Dataset entries section start

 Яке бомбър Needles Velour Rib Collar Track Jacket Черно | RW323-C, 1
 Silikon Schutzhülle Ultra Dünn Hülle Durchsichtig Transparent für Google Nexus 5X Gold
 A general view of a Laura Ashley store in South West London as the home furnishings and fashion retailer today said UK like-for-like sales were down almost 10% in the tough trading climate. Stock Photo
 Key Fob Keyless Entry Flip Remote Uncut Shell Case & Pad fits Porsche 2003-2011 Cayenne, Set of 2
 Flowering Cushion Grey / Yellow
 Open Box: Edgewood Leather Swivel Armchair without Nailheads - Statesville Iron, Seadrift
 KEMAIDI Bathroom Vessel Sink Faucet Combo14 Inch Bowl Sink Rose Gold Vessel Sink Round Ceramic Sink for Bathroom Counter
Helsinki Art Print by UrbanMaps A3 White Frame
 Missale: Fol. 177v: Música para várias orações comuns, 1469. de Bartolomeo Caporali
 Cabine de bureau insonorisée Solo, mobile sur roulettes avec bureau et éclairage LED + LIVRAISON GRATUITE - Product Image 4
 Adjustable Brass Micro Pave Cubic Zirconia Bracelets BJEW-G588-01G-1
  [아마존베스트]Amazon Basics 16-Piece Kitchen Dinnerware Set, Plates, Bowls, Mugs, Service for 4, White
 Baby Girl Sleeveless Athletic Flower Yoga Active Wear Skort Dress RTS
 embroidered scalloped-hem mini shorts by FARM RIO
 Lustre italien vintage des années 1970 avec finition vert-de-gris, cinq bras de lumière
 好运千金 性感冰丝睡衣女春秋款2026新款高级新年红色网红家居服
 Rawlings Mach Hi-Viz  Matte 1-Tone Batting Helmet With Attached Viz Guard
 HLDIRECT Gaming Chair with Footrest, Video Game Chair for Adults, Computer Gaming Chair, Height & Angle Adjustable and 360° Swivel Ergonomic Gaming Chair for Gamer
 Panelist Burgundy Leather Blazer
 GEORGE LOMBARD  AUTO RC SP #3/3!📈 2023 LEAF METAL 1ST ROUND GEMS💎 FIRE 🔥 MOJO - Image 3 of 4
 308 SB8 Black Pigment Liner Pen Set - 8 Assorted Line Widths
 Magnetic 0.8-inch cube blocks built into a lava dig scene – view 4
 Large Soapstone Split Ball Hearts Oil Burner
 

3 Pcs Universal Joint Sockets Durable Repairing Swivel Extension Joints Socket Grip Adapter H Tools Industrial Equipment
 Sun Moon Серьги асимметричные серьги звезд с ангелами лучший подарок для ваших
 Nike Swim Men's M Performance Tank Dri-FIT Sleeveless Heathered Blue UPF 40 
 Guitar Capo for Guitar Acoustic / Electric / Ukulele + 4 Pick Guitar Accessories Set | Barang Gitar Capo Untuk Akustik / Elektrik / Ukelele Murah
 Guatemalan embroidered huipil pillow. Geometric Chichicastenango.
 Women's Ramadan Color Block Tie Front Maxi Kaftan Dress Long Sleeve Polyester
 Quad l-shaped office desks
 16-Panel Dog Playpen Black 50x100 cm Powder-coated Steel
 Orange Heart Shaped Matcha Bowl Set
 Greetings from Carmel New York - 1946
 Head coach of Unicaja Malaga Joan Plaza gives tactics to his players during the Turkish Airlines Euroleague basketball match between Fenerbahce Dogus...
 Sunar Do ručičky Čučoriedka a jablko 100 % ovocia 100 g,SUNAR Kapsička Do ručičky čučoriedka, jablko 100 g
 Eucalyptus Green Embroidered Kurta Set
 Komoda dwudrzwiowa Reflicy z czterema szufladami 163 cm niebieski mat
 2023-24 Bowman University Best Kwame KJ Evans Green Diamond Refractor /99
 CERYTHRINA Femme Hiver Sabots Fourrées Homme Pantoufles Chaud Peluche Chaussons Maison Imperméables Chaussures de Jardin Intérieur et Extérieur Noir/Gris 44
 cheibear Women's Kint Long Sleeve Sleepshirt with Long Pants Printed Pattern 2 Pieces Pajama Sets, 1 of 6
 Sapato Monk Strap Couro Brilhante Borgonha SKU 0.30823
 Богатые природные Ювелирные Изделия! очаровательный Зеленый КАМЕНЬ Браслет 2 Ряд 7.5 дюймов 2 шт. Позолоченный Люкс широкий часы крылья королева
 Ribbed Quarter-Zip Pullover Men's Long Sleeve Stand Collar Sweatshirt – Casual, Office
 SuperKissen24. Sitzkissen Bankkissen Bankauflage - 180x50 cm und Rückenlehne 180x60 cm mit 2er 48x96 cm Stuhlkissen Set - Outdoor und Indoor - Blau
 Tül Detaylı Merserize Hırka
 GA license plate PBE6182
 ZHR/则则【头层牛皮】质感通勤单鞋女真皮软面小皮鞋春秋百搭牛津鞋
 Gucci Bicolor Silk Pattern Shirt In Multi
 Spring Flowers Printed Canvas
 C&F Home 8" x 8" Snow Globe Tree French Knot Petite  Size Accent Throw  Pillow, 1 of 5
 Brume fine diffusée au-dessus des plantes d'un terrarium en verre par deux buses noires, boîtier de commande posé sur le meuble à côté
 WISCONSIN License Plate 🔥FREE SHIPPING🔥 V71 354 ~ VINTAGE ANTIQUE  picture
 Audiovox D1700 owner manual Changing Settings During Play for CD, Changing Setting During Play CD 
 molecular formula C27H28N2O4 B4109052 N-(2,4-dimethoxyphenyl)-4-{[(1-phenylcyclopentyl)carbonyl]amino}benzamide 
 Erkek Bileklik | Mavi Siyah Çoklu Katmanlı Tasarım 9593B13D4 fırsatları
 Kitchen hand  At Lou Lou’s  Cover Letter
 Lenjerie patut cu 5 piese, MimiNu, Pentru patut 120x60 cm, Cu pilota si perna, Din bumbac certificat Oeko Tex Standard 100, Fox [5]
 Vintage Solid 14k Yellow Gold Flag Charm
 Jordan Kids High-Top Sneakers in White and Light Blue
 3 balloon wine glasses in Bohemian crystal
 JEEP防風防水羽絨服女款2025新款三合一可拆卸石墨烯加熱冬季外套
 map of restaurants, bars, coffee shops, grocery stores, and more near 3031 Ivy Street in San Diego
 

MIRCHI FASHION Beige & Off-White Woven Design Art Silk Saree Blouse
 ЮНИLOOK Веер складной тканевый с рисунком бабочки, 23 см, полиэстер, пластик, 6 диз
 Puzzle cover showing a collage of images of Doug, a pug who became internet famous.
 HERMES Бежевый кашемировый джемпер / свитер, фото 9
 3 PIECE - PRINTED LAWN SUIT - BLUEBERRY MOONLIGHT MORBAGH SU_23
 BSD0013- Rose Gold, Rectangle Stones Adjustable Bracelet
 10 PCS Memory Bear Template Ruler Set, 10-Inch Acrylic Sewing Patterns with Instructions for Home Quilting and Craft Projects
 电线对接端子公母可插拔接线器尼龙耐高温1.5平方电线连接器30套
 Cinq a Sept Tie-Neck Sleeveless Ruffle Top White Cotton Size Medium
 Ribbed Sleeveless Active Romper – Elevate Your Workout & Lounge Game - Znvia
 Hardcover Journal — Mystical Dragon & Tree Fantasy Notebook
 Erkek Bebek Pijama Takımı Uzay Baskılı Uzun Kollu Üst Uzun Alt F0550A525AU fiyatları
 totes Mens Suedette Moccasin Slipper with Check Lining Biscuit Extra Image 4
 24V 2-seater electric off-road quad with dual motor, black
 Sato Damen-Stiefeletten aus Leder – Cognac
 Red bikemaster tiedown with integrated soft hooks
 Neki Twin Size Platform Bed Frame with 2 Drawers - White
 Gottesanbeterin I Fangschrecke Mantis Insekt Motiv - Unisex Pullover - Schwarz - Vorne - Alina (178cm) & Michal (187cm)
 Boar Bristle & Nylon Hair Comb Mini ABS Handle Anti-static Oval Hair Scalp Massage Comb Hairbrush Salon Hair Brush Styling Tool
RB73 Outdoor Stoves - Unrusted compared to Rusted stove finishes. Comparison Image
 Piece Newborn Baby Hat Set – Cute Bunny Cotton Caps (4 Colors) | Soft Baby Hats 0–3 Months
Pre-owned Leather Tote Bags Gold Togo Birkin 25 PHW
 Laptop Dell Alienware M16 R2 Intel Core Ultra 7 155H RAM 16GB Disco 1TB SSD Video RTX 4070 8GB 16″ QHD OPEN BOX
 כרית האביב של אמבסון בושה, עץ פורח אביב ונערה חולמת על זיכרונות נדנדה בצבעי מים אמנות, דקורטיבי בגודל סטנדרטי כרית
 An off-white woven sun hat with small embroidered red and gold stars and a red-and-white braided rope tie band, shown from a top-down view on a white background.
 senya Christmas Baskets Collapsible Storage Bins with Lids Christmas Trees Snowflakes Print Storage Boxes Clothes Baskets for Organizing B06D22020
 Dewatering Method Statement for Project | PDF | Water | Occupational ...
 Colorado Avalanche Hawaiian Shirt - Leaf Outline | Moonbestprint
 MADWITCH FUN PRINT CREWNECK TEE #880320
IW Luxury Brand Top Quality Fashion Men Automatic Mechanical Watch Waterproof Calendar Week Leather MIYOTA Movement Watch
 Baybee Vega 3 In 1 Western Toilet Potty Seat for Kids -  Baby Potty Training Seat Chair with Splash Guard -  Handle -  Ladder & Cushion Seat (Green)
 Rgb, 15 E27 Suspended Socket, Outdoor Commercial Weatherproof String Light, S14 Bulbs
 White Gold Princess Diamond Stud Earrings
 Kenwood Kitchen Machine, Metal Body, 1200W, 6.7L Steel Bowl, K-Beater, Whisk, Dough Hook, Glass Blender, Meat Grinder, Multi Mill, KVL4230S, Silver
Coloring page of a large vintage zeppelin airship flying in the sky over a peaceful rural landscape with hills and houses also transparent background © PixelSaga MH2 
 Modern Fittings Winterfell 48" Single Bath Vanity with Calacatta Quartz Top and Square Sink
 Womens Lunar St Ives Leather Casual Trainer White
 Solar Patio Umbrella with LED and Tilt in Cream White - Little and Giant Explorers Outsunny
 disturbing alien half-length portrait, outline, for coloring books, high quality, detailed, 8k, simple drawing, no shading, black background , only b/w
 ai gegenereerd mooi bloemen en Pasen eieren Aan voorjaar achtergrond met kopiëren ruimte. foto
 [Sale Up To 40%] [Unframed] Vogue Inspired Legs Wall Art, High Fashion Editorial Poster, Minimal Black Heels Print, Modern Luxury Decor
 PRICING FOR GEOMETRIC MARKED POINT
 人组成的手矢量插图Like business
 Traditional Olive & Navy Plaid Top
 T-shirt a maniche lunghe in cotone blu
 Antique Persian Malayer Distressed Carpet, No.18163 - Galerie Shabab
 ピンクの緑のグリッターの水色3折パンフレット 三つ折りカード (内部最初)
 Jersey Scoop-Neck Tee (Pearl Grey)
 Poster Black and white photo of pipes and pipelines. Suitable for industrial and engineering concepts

Dataset entries section end

» The task: Write out only the lines that run from the line containing "Ribbed Sleeveless Active" through the line containing "Laptop Dell Alienware", both included, exactly as they appear above.

» Your solution:
 Ribbed Sleeveless Active Romper – Elevate Your Workout & Lounge Game - Znvia
 Hardcover Journal — Mystical Dragon & Tree Fantasy Notebook
 Erkek Bebek Pijama Takımı Uzay Baskılı Uzun Kollu Üst Uzun Alt F0550A525AU fiyatları
 totes Mens Suedette Moccasin Slipper with Check Lining Biscuit Extra Image 4
 24V 2-seater electric off-road quad with dual motor, black
 Sato Damen-Stiefeletten aus Leder – Cognac
 Red bikemaster tiedown with integrated soft hooks
 Neki Twin Size Platform Bed Frame with 2 Drawers - White
 Gottesanbeterin I Fangschrecke Mantis Insekt Motiv - Unisex Pullover - Schwarz - Vorne - Alina (178cm) & Michal (187cm)
 Boar Bristle & Nylon Hair Comb Mini ABS Handle Anti-static Oval Hair Scalp Massage Comb Hairbrush Salon Hair Brush Styling Tool
RB73 Outdoor Stoves - Unrusted compared to Rusted stove finishes. Comparison Image
 Piece Newborn Baby Hat Set – Cute Bunny Cotton Caps (4 Colors) | Soft Baby Hats 0–3 Months
Pre-owned Leather Tote Bags Gold Togo Birkin 25 PHW
 Laptop Dell Alienware M16 R2 Intel Core Ultra 7 155H RAM 16GB Disco 1TB SSD Video RTX 4070 8GB 16″ QHD OPEN BOX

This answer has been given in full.